By John Sage
A reputation is like a pair of white jocks. Once it gets dirty you can never get it completely clean again.
To be fair, the banks were always going to be easy to hate. People are ready to believe anything unfavourable said about them, and attribute malicious intentions to their mistakes.
What makes the conversation around the royal commission different and more deeply staining is that it’s APRA wagging their finger. It’s the Australian Securities and Investments Commission that’s uncovering factual wrongdoings and deliberate shrouding of toxic culture.
This isn’t just Fred and Mary Jones griping about this month’s mortgage repayments or inefficient service. It’s built-in dishonesty such as charging fees for no service or unnecessary fees charged to customers for moving money between their own accounts, to the tune of $50 million.
So here’s my point.
Any industry or business that’s allowed to operate without real competition becomes fat, sluggish, and is likely to become spoiled and undisciplined.
This is what has happened with the banks.
A Better Way
If you are on your toes, taking regular action to keep your customers happy, and pushing yourself to be better than the competition, it benefits the consumers. It gives consumers the opportunity to say, “I see that your competitor can offer me a comparable product with much better conditions. Can you match it or should I leave?”
If there are no genuine competitors, consumers are stuck choosing between bad and worse.
Consumers have come to not expect much from the big banks. The very least they expected was to not be deliberately screwed over. The idea that the institutions they bank and invest with should be ethically sound and provide them strong service and returns were daydreams.

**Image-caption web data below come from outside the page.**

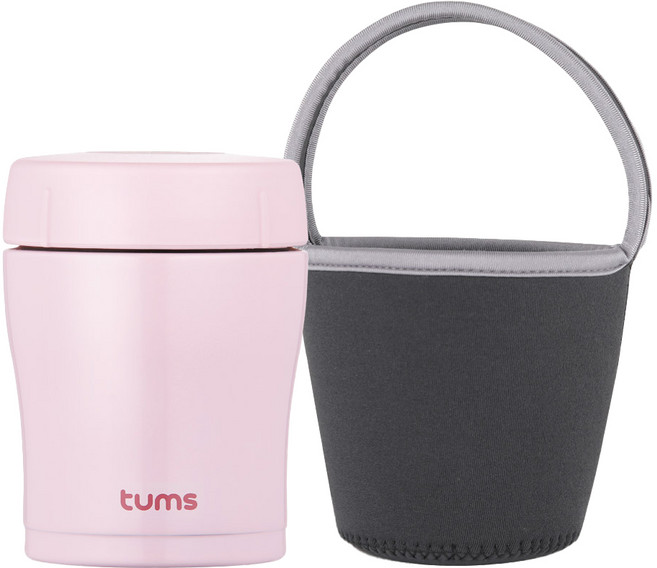 TUMS 馬卡龍保溫瓶 食品用 + 提袋, 粉色 + 灰色, 300ml, 1組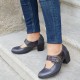 Genuine Leather Hook Loop Comfy Round Toe Retro Mary Jane Heels Genuine Leather Hook Loop Comfy Round Toe Retro Mary Jane Heels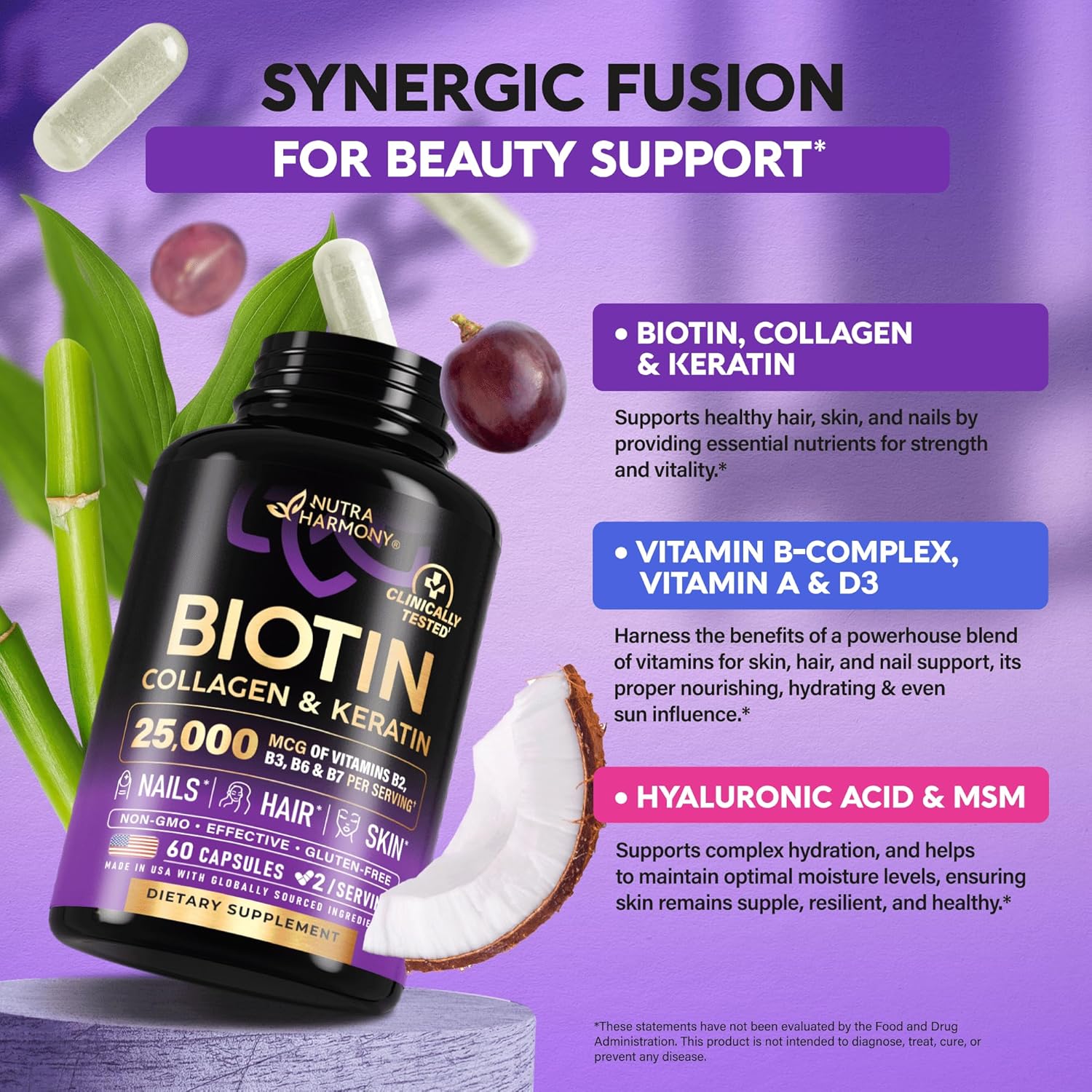 Biotin | Collagen | Keratin - Clinically Tested Supplement - Hair Growth Support, Skin & Nails - 25000 mcg Vitamins B2, B3, B6 & B7 + B1 & Hyaluronic Acid - Made in USA - Women & Men | 60 Capsules - Image 5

So what’s the solution? Beyond the pain that the current royal commission will dish out, how do we get the banks to try harder permanently?
We set a higher standard. We give them competition. We give consumers something better.
We finish the monopoly and move our business and money to better options.
That will not only give them the message loud and clear, but it will make sure your money is getting the respect and results it deserves.
There’s a fine line between compliance and having room for healthy competition. That’s the point we need to reach after all the dust settles.